Maybe I should try using Incanter? I mean, they’re using parallel Colt guts in that. Maybe it’s better? Them particle physicists at CERN are pretty smart, right?
user> (def tmp (sample-uniform 300000 :mean 0)) #'user/tmp user> (time (sum tmp)) "Elapsed time: 97.398 msecs" 150158.83021894982 user> (def tmp (sample-uniform 3000000 :mean 0)) #'user/tmp user> (time (sum tmp)) java.lang.OutOfMemoryError: Java heap space (NO_SOURCE_FILE:0) user>
A bit of hope, then …. Yaaargh!
Let’s look into that heap issue: firing up jconsole and jacking into fresh swank and clojure repl processes, I see … this:
I can’t really tell what’s going on here. I don’t really want to know. But it seems pretty weird to me than an idle Clojure process is sitting around filling up the heap, then garbage collecting. Presumably this has something to do with lein swank (it doesn’t do it so much with lein repl). Either way, this isn’t the kind of thing I like seeing.

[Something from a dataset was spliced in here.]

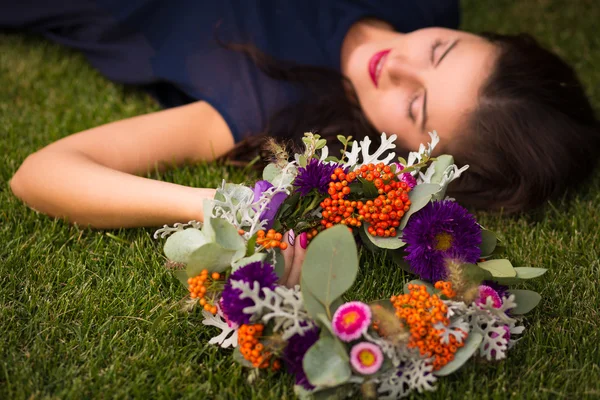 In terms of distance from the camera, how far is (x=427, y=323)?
46.4 inches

Now, I’m not being real fair to Clojure here. If I define my random vector as a list in Lush (which isn’t really fair to Lush), and do an apply + on it, the stack will blow up also. The point is, Lush has datatypes for fast numerics: it’s designed to do fast numerics. Clojure doesn’t have such datatypes, and as a result, its numeric abilities are limited.
Clojure is neat, lein is very neat, and I’ve learned a lot about Java guts from playing with these tools. Maybe I can use it for glue code somewhere. I’m not going to be using it for numerics. Yeah, I probably should have listened to Mischa, but then if I had, I’d be writing things in numeric Perl.

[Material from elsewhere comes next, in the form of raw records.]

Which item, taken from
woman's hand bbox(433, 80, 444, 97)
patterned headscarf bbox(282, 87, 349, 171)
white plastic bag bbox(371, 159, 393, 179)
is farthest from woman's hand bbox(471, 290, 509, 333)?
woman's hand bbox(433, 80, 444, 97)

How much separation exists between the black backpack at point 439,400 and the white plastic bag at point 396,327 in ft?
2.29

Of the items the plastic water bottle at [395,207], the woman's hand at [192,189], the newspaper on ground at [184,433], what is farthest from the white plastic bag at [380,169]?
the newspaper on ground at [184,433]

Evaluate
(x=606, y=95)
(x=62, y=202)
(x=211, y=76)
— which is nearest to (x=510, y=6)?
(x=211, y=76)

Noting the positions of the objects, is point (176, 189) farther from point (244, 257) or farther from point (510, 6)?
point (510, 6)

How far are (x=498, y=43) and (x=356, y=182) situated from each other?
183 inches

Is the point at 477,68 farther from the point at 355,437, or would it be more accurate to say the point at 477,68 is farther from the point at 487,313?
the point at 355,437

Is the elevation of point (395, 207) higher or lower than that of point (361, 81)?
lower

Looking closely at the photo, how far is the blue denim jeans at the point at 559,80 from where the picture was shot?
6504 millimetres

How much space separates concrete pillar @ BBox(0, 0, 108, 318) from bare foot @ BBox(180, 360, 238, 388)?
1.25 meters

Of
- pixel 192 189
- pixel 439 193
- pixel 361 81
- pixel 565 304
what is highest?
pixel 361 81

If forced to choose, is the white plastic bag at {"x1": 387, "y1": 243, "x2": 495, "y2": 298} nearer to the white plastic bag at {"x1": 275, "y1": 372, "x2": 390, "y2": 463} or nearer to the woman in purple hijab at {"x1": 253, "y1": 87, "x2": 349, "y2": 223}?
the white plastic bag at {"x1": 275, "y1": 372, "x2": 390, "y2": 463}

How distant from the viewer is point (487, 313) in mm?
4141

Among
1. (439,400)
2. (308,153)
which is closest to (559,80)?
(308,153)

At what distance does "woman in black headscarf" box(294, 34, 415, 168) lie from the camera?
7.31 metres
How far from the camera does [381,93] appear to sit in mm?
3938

Thanks to Rob and Mike for showing me the way, and thanks everyone else for demonstrating my n00bness and 4am retardation
(let [ds (double-array 30000000)] (dotimes [i 30000000] (aset ds i (Math/random))) (time (areduce ds i res 0.0 (+ res (aget ds i))))) "Elapsed time: 65.018392 msecs"

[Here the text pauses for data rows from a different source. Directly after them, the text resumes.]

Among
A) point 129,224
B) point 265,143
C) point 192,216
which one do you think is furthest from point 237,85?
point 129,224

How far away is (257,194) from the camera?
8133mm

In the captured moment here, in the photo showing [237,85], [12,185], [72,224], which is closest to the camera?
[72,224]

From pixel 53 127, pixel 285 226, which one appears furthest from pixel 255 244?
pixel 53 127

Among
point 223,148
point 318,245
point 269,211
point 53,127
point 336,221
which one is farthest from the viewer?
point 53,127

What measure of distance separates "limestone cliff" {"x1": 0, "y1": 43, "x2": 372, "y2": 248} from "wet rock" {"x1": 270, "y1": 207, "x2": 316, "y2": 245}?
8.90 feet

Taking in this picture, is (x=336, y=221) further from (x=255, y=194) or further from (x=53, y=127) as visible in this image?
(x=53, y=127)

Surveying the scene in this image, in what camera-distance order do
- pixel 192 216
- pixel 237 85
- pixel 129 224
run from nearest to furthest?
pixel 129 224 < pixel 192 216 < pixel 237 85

I daresay, this makes clojure “interesting” -or at least more interesting than it was a few hours ago. It would be nice if someone had already written some package which makes taking the sum of 3 million numbers a bit less of a chore (a la idx-sum). I mean, what’s going to happen when I have to multiply two matrices together?